Task to complete
Leave out the pictures, and retype the remaining data exactly.

Provided data
_ _ _ _
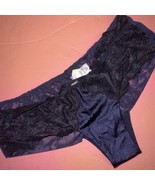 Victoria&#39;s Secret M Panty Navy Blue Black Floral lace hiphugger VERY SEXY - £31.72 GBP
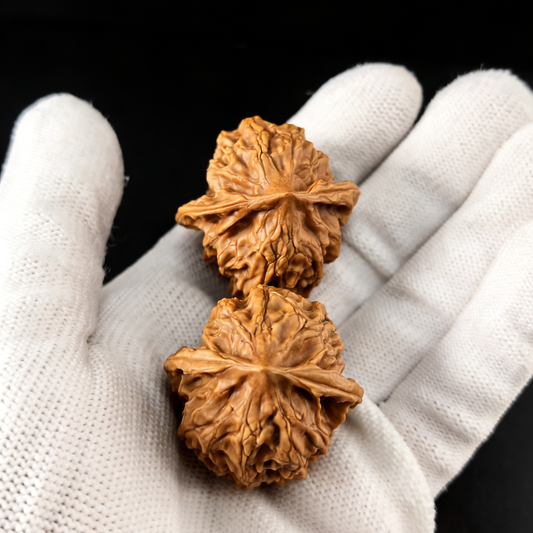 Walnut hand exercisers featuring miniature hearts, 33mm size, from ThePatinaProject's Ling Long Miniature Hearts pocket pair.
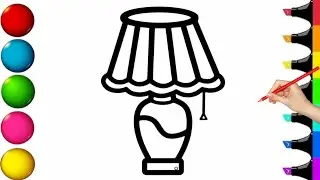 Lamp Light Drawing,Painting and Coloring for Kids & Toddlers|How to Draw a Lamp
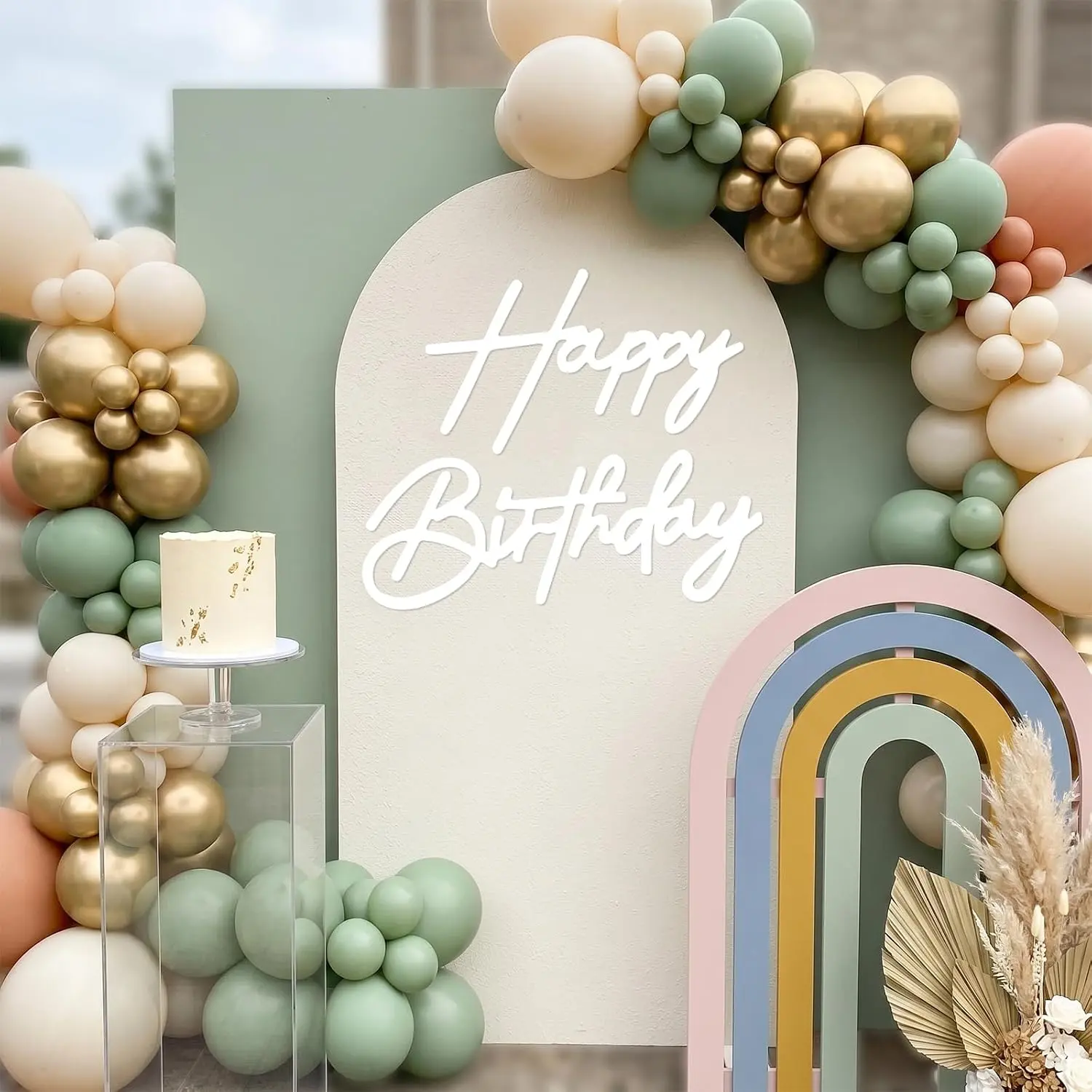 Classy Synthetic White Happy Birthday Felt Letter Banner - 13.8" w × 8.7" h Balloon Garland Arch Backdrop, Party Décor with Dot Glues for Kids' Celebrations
_ _ _ _
Task response
 Victoria&#39;s Secret M Panty Navy Blue Black Floral lace hiphugger VERY SEXY - £31.72 GBP
 Walnut hand exercisers featuring miniature hearts, 33mm size, from ThePatinaProject's Ling Long Miniature Hearts pocket pair.
 Lamp Light Drawing,Painting and Coloring for Kids & Toddlers|How to Draw a Lamp
 Classy Synthetic White Happy Birthday Felt Letter Banner - 13.8" w × 8.7" h Balloon Garland Arch Backdrop, Party Décor with Dot Glues for Kids' Celebrations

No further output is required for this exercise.